The results of a Monster.com poll revealed that more than three quarters of the workers who responded would vote their bosses out of their job. The poll results should be a wakeup call for all bosses.
Of the 2,411 responses, only 24 percent voted to keep their current boss. Twenty-five percent thought a colleague would make a better manager, 30 percent thought they could handle the job while 21 percent thought an outside candidate would do better.
Here are suggestions to bosses who suspect they would be booted out if their employees had their way.
Ask Your Employees Questions
Show that you value your employees’ input by asking them questions. Invite employee feedback, engage them in an open dialogue. Most employees want to contribute to how their jobs can be done more effectively. Make it easy and rewarding for them to do so.
It’s not enough to just ask employees questions. Employees, especially now, expect their ideas to be valued. They expect to have a say in how things are done in their jobs, and to be involved in the decisions that affect them. Companies must be open to employee ideas, ask employees what they believe they need to best do their jobs, and, most importantly, be responsive to employee input.
Don’t Punish Good Employees for Their Excellence
Managers will often load a particularly effective employee with more and more work just because–they’re good. Not only is that unfair, but you may very well break an otherwise dynamite employee.

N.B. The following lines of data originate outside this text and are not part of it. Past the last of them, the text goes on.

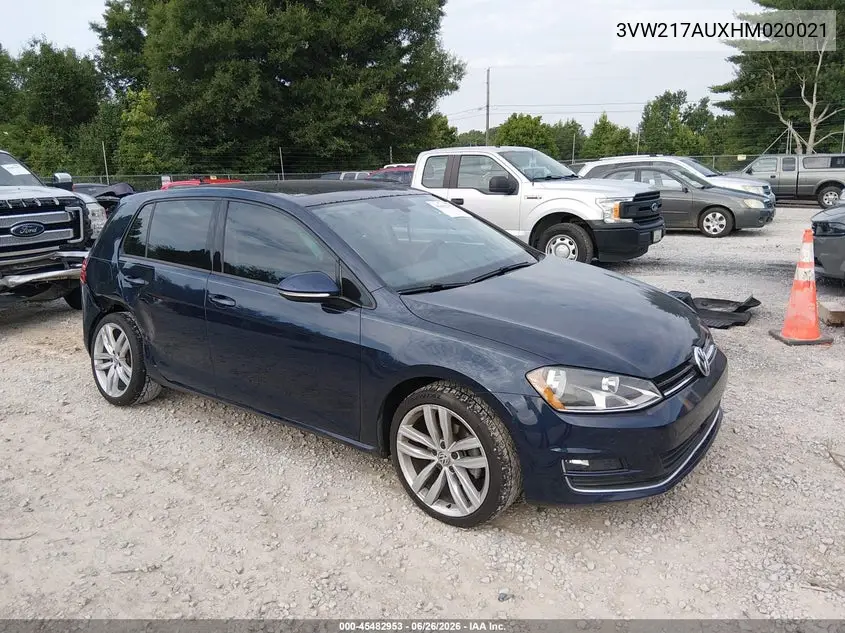 2017 Volkswagen Golf Tsi S 4-Door/Tsi Se 4-Door/Tsi Sel 4-Door/Tsi Wolfsburg Edition 4-Door VIN: 3VW217AUXHM020021 Lot: 45482953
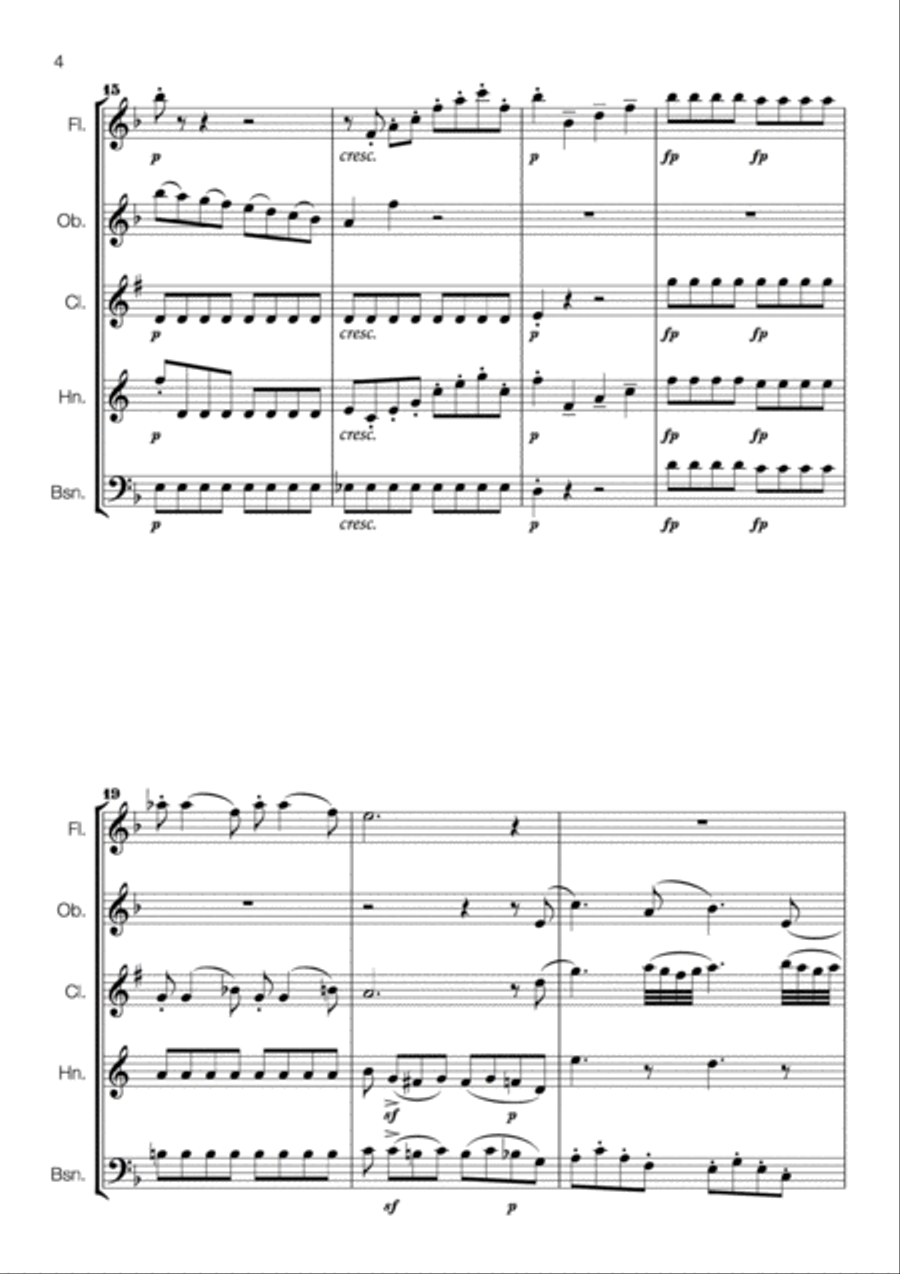 Mozart Operatic Tunes for Wind Quintet Woodwind Quintet scores gallery preview page 4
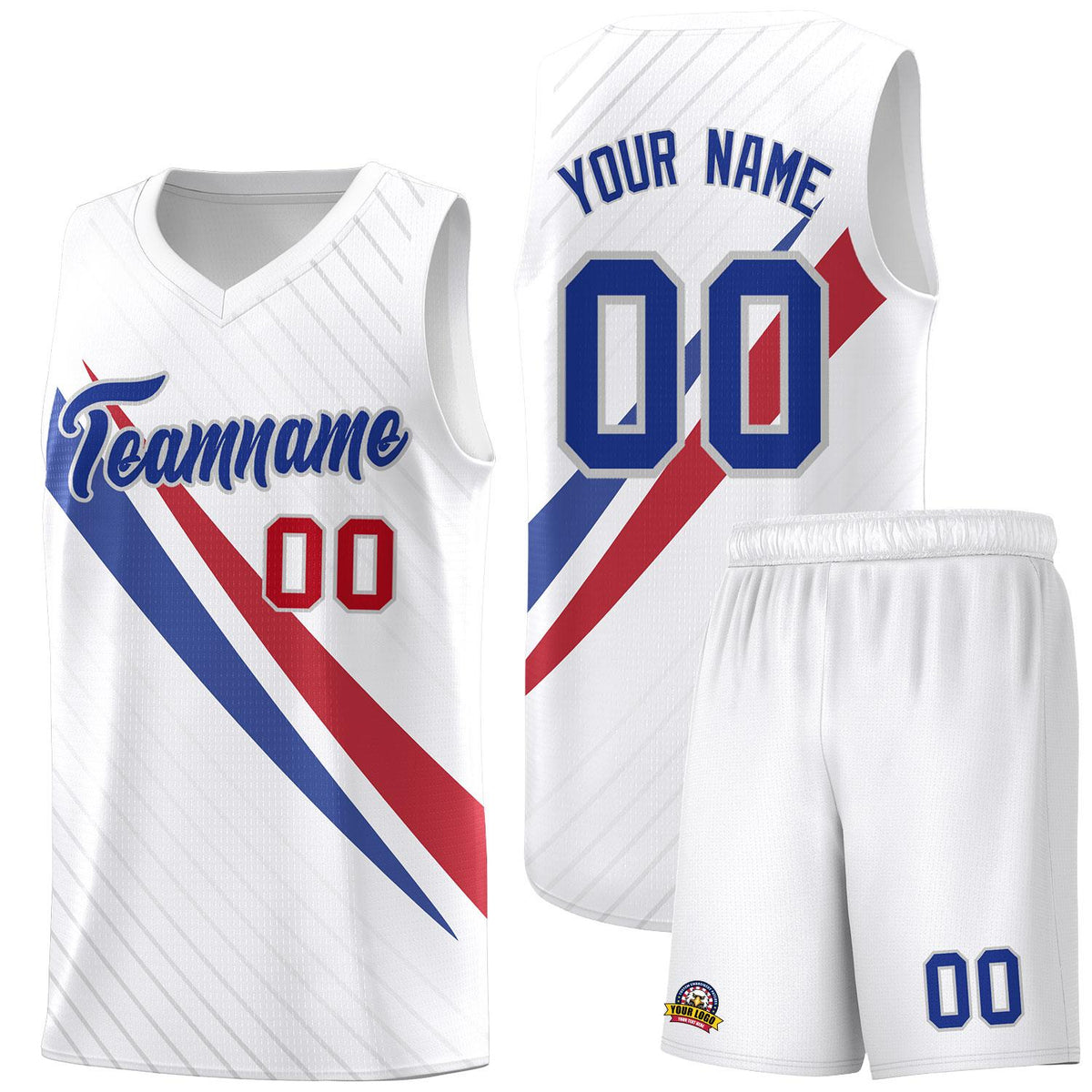 Custom White Diagonal Pinstripe Pattern Color Block Sports Uniform Basketball Jersey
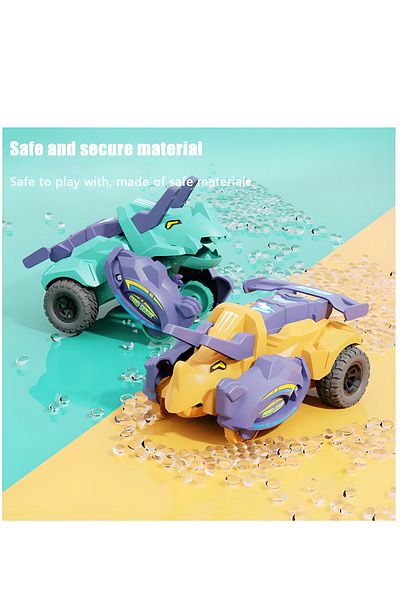 COOYA 4-Piece Triangle Dinosaur Toy, Crash Transformer Car, Wrestling Resistant Rotatable Racing Car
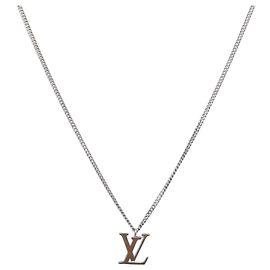 LOUIS VUITTON LV Initials Halskette 18K Gold (750) Weißgold Authentisch 184383SAV Golden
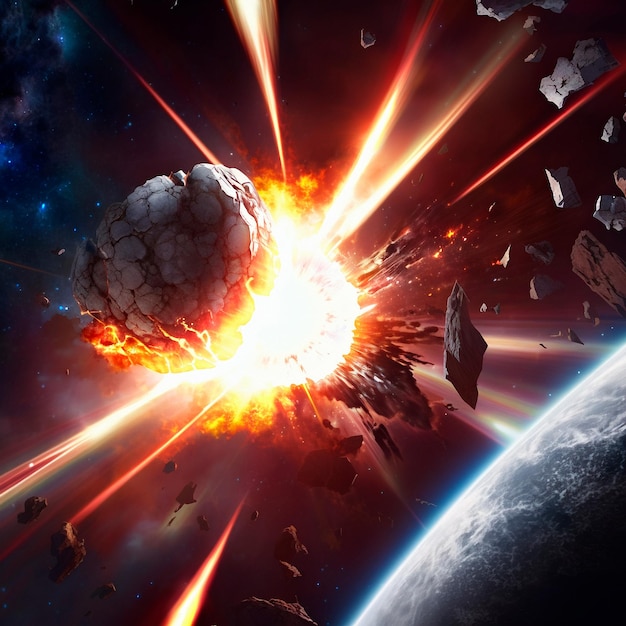 Meteor strike Explosion in space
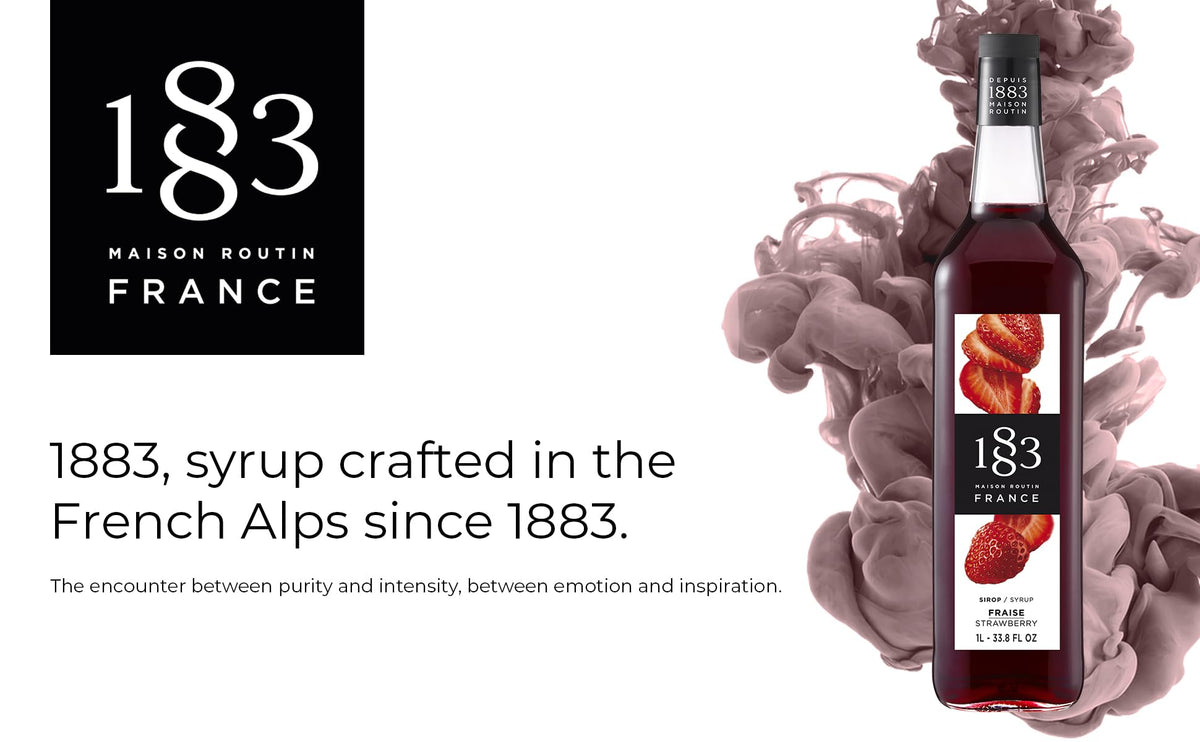 1883 Strawberry Syrup dessert topping adds strawberry notes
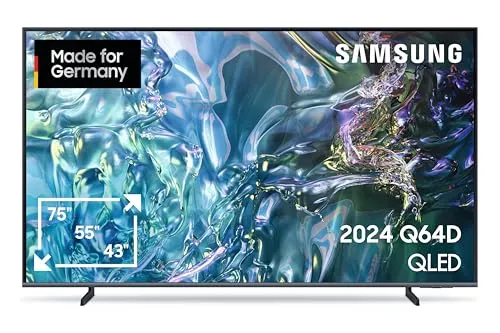 Samsung QLED 4K Q64D 65 Zoll Fernseher - Smart TV mit Quantum Prozessor Lite 4K für optimales Bild und Ton, 100% Farbvolumen und Quantum HDR für lebendige Farben und hohen Kontrast.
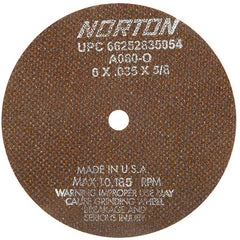 6″ × 0.035″ × 5/8″ Toolroom Cut-Off Wheel Type 01 Straight 60 Grit Aluminum Oxide - Americas Industrial Supply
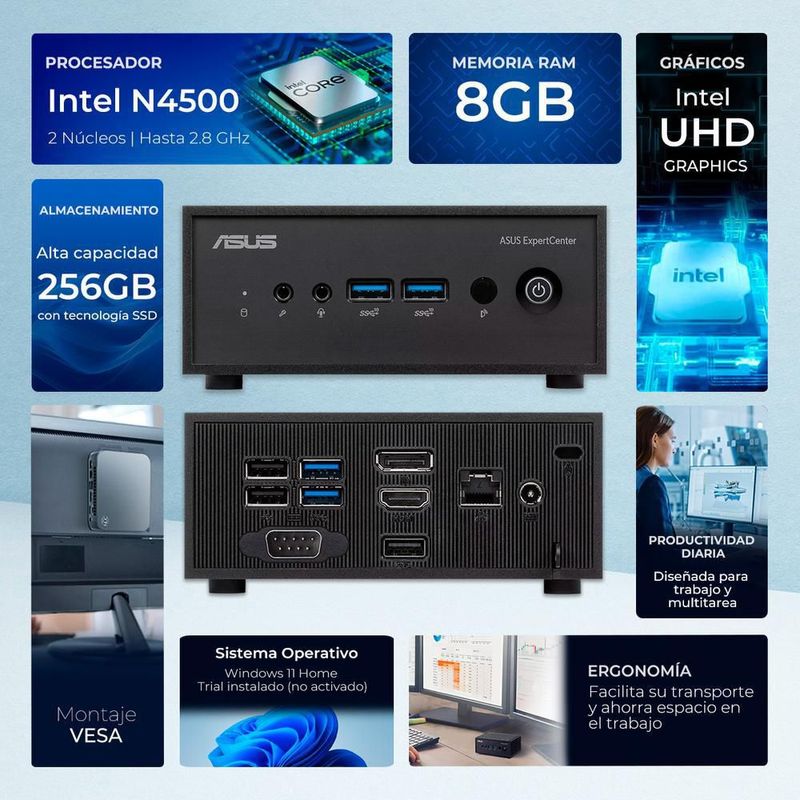 Computadora escritorio mini pc asus pn42 n4500 8gb ssd 256gb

The poll is an indication that there are lots of workers who don’t think their bosses are qualified for their positions or aren’t doing a good job. While lighthearted in some respects, bosses should take the results seriously. It means that many workers do not respect their bosses. Without respect, comes all sorts of worker-related problems: underachievement, low morale, increased employee turnover, reduced productivity and lots of office grumbling.